Although Macron still leads the field, with perhaps a couple of points more than his 2017 first-round result, the way the race is otherwise shaping up spells danger for him. It suggests that he is more the target for the others than he was five years ago: the candidates whose votes are most likely to flow to him in the second round – Pécresse, Jadot, Hidalgo – are weaker than their equivalents were then, and in their place is the bloc of Zemmour’s vote, which will flow strongly to Le Pen.

The runoff is still very much Macron’s to lose. But with his margin over Le Pen now down to single figures, and with hypothetical polls always a bit unreliable, a Le Pen victory has become imaginable in a way that was never previously the case.

Conversely, if there is a boilover tonight and Mélenchon reaches the runoff instead of Le Pen, he too would have a chance of becoming president. Much of the far-right vote is driven not by ideology but by an “anyone but Macron” sentiment, and it would migrate happily enough to Mélenchon if he was the alternative, although on the current polling he has more of a deficit to make up (a reversal of the 2017 position, when his hypothetical polling was much stronger than Le Pen’s).

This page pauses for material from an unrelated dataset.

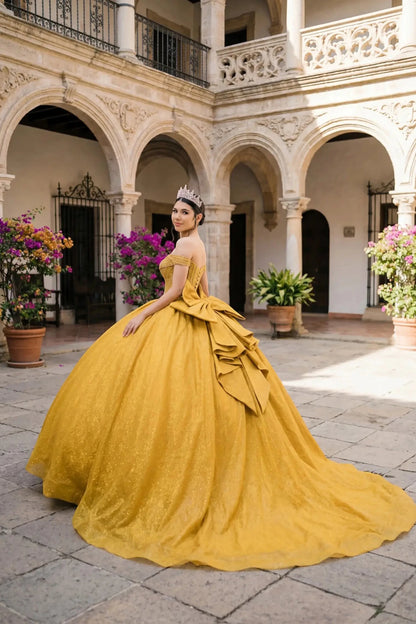Woman wearing gold off-shoulder ball gown side-facing with beaded corset bodice, shimmering glitter tulle layers, and flowing silhouette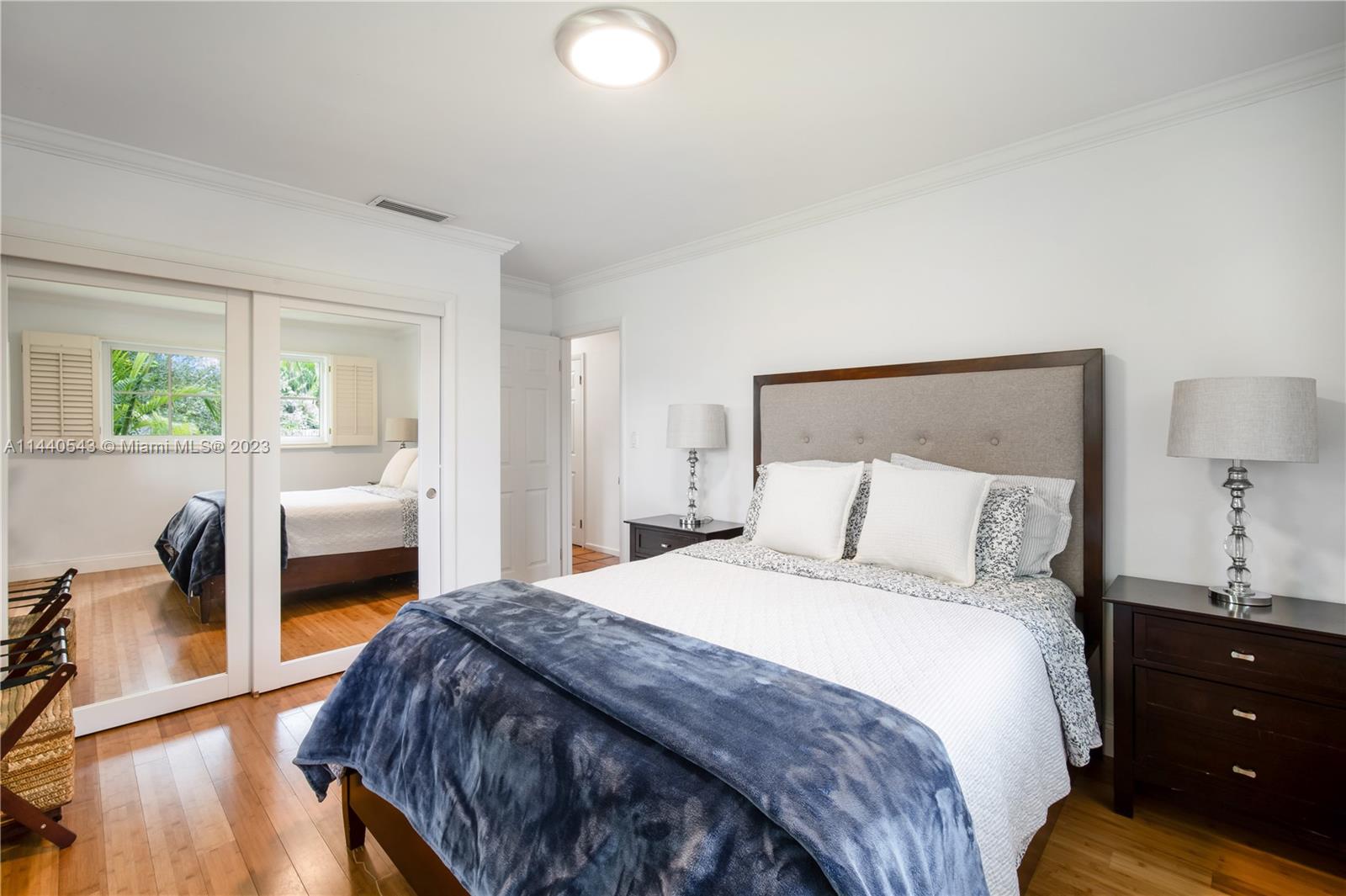 13001 Southwest 70th Avenue Pinecrest, FL 33156 - Photo 28 of 49 a bedroom with a large bed and a lamp on table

In one sense, Macron’s fortunes depend on how you interpret last weekend’s Hungarian result. If it showed that voters opt for incumbency in time of crisis, then Macron should be safe. His recent drop in the polls, after all, just erases only some of the boost that he got from the outbreak of war.

If, on the other hand, the moral of Hungary is that Ukraine is not such a winning cause and that a pro-Russian record – shared by Le Pen, Mélenchon, Zemmour and to some extent Pécresse – is not such a great handicap, then the president could be in for quite a bit of trouble. But we’ll know soon enough.